Optimizing M3: Halving Our Metrics Ingestion Latency by Forking the Go Compiler - roskilli
https://eng.uber.com/optimizing-m3
======
jerf
While I won't claim this is unique to Go, I've had some similar good
experiences cloning out various bits of Go for my own crazy purposes. The
standard library and compiler are relatively clean code for what they are, and
it's relatively easy for a pro developer to fork them temporarily like this,
or pick up a standard library that almost does what you need and add what you
need. I've forked encoding/json to add an attribute that collects "the rest"

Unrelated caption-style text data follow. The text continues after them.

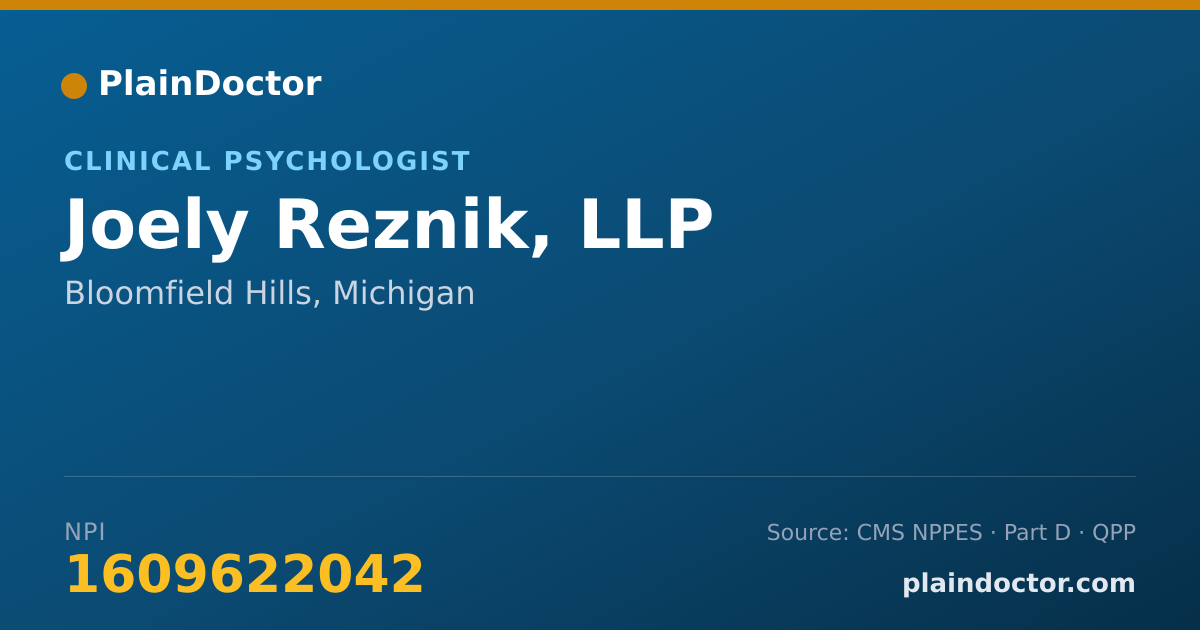 Shareable card for Joely Reznik, LLP - Clinical Psychologist, Bloomfield Hills, MI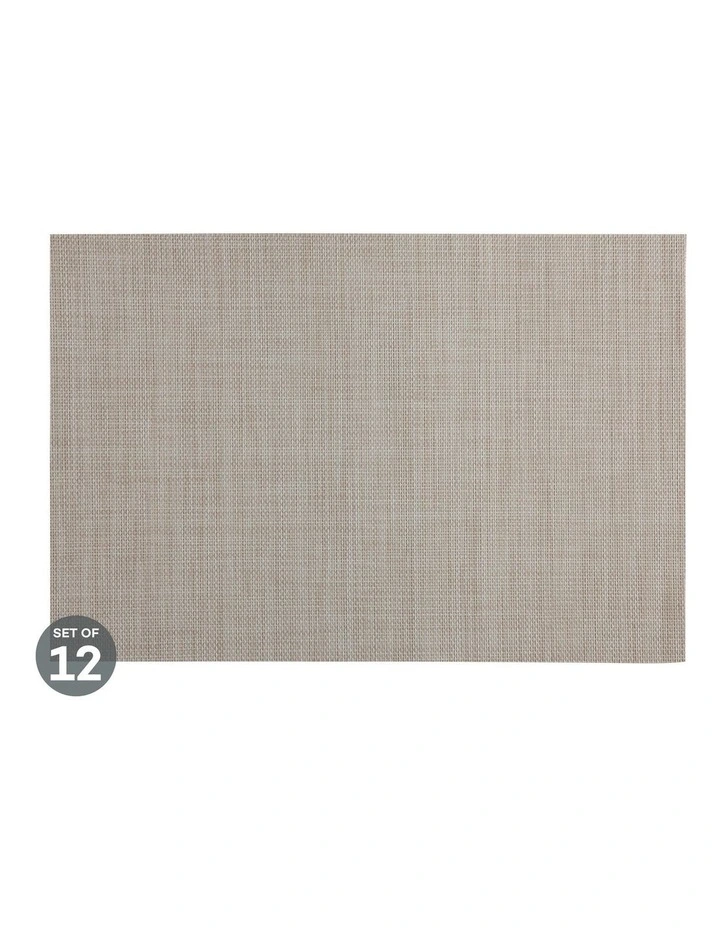 Placemat Crosshatch 45x30cm Taupe Set of 12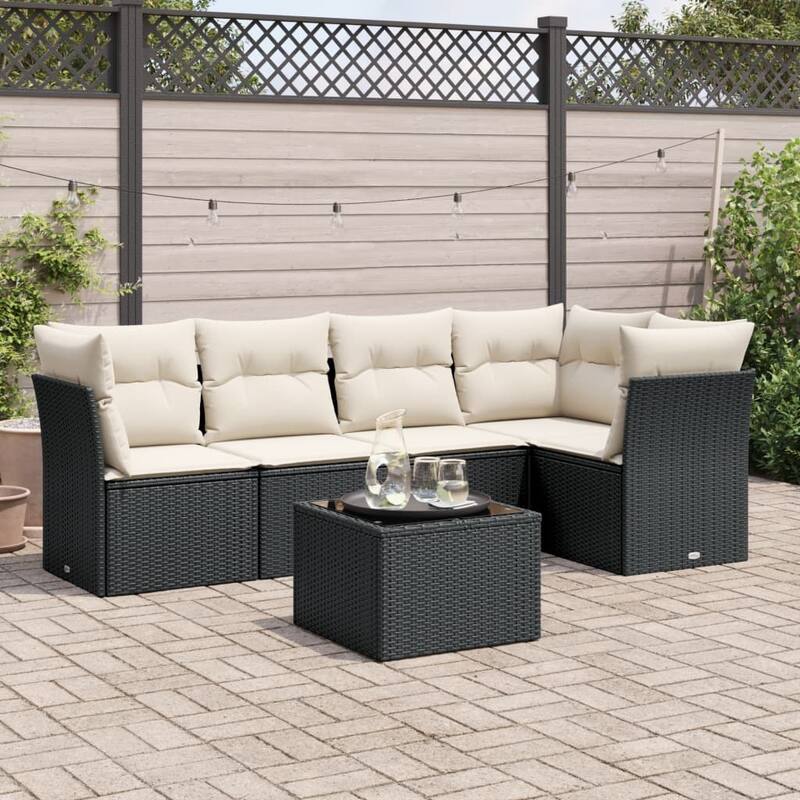 vidaXL Garden Sofa Set Black PE rattan Large Modular Garden Sofa Set - 48.8 x 92.1 x 27.2
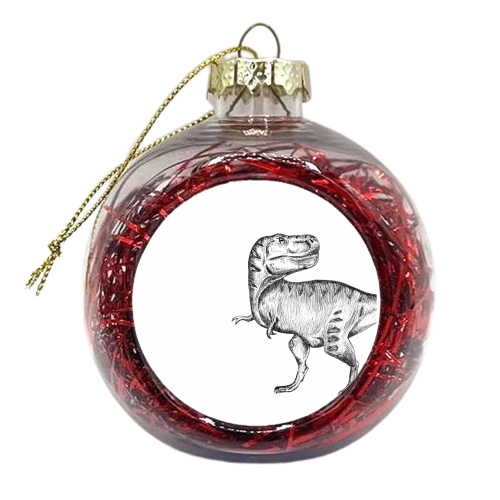 Dinosaur T-Rex Illustration - xmas bauble by Catherine Bamber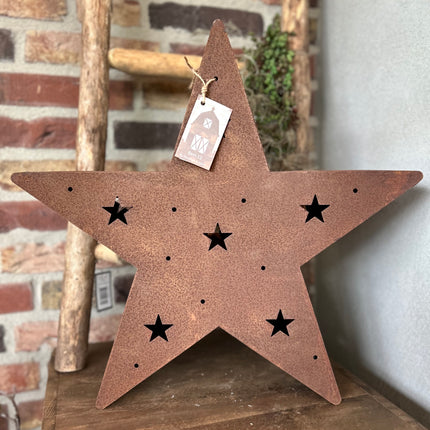 X mas star Roest L - Waxinehouder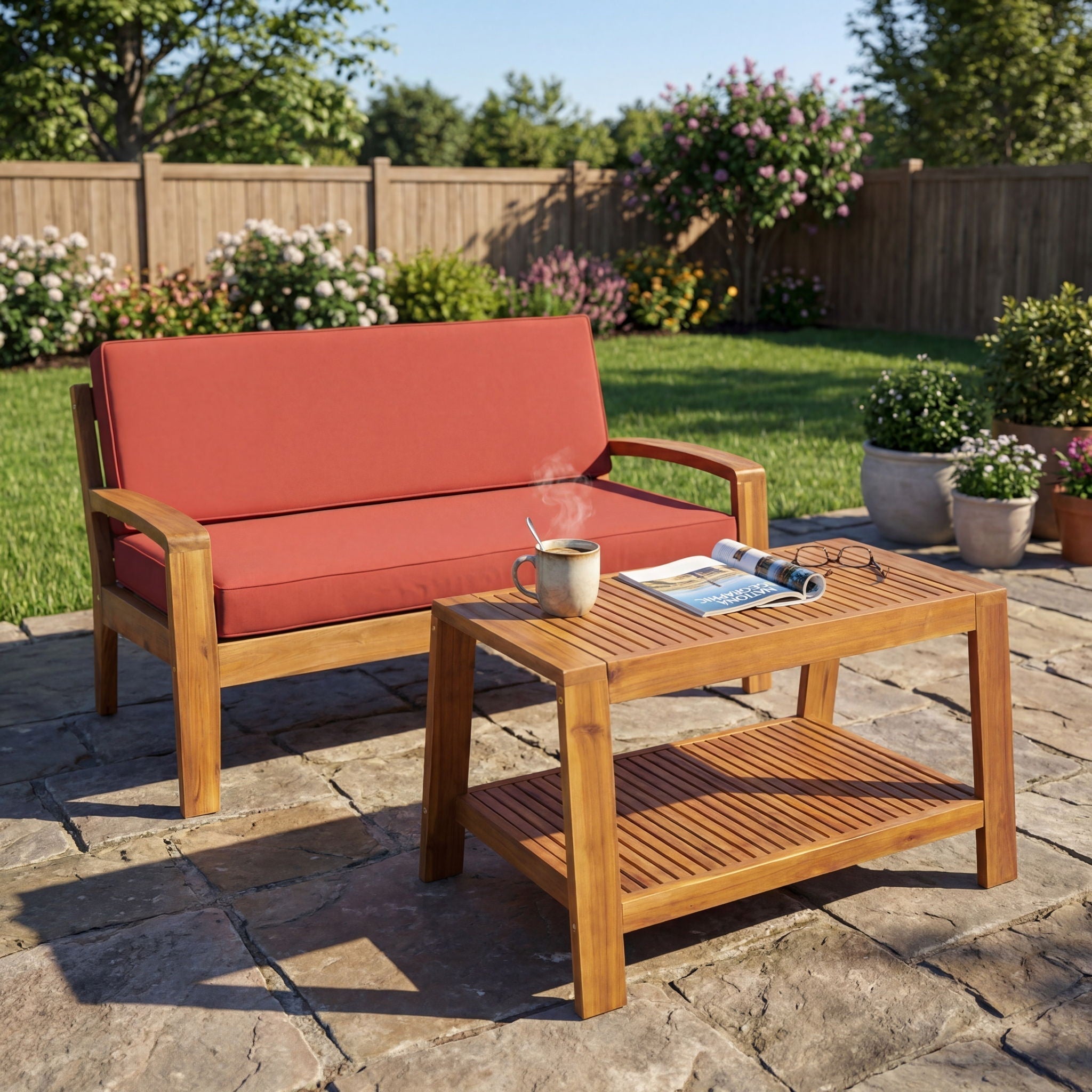 2 Piece Outdoor Conversation Set – Loveseat & Coffee Table with Water-Resistant Cushions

of the JSON attributes not automatically marshaled, both in and out. I've
forked encoding/xml to add a variety of things I needed to write an XML
sanitizer (in which you are concerned with things like "how long the attribute
tag" is _during_ parsing; it's too late to be presented with a 4 gigabyte
attribute in the user code, it's already brought your server to its knees). I
saved weeks by being able to start with a solid encoder/decoder backend and be
able to follow it and bring it up to snuff, rather than start from scratch. A
coworker forked crypto/tls because it was the easiest TLS implementation to
break in deliberate ways to test for the various SSL vulnerabilities that have
emerged over the years.

Of course I recommend this more as a last resort than the first thing you
reach for, but it's a fantastic option to have in the arsenal, even if you
don't reach for it often. I encourage people to at least consider it.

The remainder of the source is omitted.